Persuasions #15, 1993                                                                                                                                                 Pages 5-6

In Memory of Jack Grey (1935-1993)

 

DAVID GILSON

Oxford, UK

 

An article in the issue of Country Life dated 19 February 1970, describing Cottesbrooke Hall, Northants, failed to mention that mansion’s supposed claim to be the original of Jane Austen’s Mansfield Park; the same periodical’s issue for 18 June 1970 published a letter from J. David Grey, New York, commenting on this omission and offering originals for other houses featuring in the novels.  I felt impelled to write to Jack in consequence, and a correspondence ensued; from finding so much in common between us (including a birth year!), a friendship developed which ended only with Jack’s untimely death on 11 March 1993.

This friendship could have foundered very soon after its launching.  Jack had already, for longer than I knew, been a collector of books and other material by and relating to Jane Austen, and was forming his archive of relevant information.  When checking indexes of 1969 publications, he came across my announcement in the Times Literary Supplement of 17 April 1969 to the effect that I was planning to publish a revision of Sir Geoffrey Keynes’s 1929 Nonesuch Press bibliography of the novelist.  It may not be generally known that Jack had already hoped himself to prepare a new bibliography of Jane Austen; but with the generosity which was so prominent a feature of his character he decided that it was pointless for two such works to be produced in competition, and very nobly abandoned his own plan, in order to encourage and support mine.  When my bibliography of Jane Austen was at last published by the Clarendon Press, Oxford, in 1982, I was very glad to pay tribute in my acknowledgements to the help that Jack had given to me.

In our correspondence of over twenty years we constantly exchanged news of new publications (I’m sure I gained more than I gave); but Jack’s help did not stop there.  We met whenever he came to England, with hospitality more often on his side than on mine (since Jack was generous in this as in all else and loved to be the host).  He put me up at his East Side apartment when I visited New York in 1975 as part of a six weeks’ tour of the riches of East Coast libraries and private collections (to collect information for my bibliography), and took pride in introducing me to New York.  More recently Jack entertained me royally in 1987 and 1988 at Manhattan Plaza when I was in New York in part to see the Jane Austen autograph letters at the Pierpont Morgan Library (in connection with the new edition of the letters which I then envisaged but have since had to abandon).  Among the excursions I then enjoyed with Jack was a drive up to New Haven, to see again at Yale the Jane Austen collection of Charles Beecher Hogan (which I had first seen at Woodbridge, Connecticut, in 1975).

My personal collection of Jane Austen material owes much to Jack’s generosity, especially as regards American publications new and old, critical studies, continuations and dramatisations of the novels, as well as more ephemeral items, which might otherwise not have come my way.  It is a matter for regret that Jack’s own collection, in some directions more extensive than my own, has not remained intact; his archive of material published in periodicals (whether in original form or in photocopy) must have been the largest ever made, and I know that he had once hoped that his collection might be preserved as a source of reference for future scholars.
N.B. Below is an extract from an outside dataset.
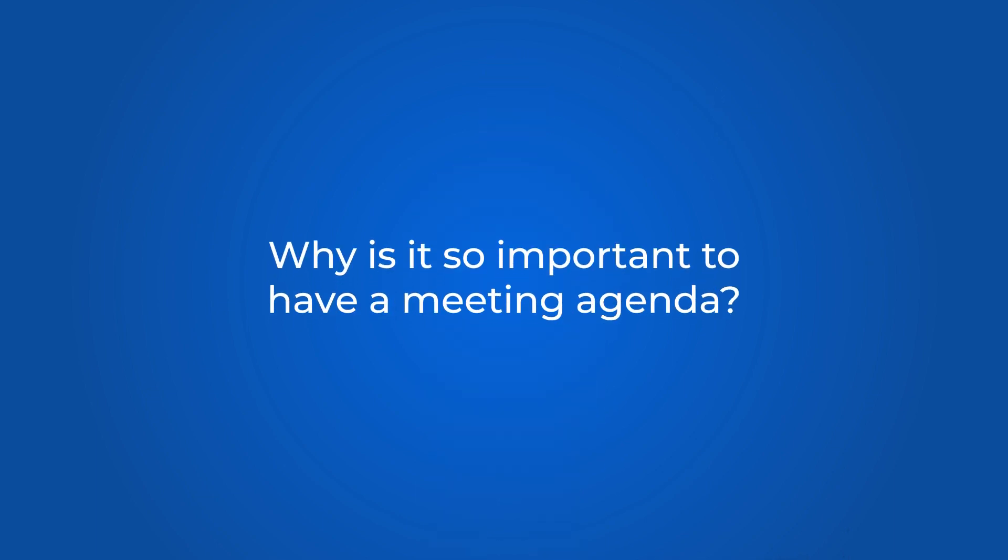But first, let's ask ourselves this question. If you want to have a successful, productive meeting, you've got to do your homework. And a big part of the homework is writing a solid agenda for the meeting.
Jack’s innumerable friends will always remember his kindness, generosity, hospitality; he had a gift for friendship.  But he has also more tangible memorials.  On the one hand there are his own publications, most notably The Jane Austen Companion (New York: Macmillan, 1986), that invaluable source of information on almost anything to do with Jane Austen, to which I was proud to contribute and of which I treasure my copy with Jack’s own far more numerous contributions all autographed, and Jane Austen’s beginnings: the Juvenilia and ‘Lady Susan’ (Ann Arbor: UMI Research Press, 1989), an important collection of essays which had its origin in the 1987 New York JASNA meeting and whose extensive bibliography owes more to Jack than it does to me.  Before either of these substantial volumes, Jack’s perceptive introduction to the 1982 Washington Square Press paperback edition of Pride and Prejudice was a delight to read and has permanent value.

Jack’s other more solid memorial must be, simply, JASNA.  Realising the need to provide a focus in North America for lovers of Jane Austen who might never get to England, with his two eminent co-founders Joan Austen-Leigh and the late Henry G. Burke, Jack’s enthusiasm got JASNA going in 1979; he was the Society’s first President and remained deeply involved with all its activities, especially the annual meetings, all of which he attended (and even more especially those held in New York, which he organised: the first, in 1979, and the ninth, in 1987).  I am sure that it gave Jack great pleasure to see JASNA expand and develop, with its regional groups and meetings as well as the great annual get-together, and the journal Persuasions similarly increasing in size and importance from 32 pages in 1979 to 147 in 1992.

Something of Jack must remain in England, which he loved and visited often, where he made so many friends (on his own travels and on the tours of the Jane Austen country which he led so effectively), and especially at Steventon where the church of St. Nicholas owes so much to the generosity of JASNA members; but more of my friend Jack Grey must remain in JASNA and in that Society’s continuing expansion and prosperity.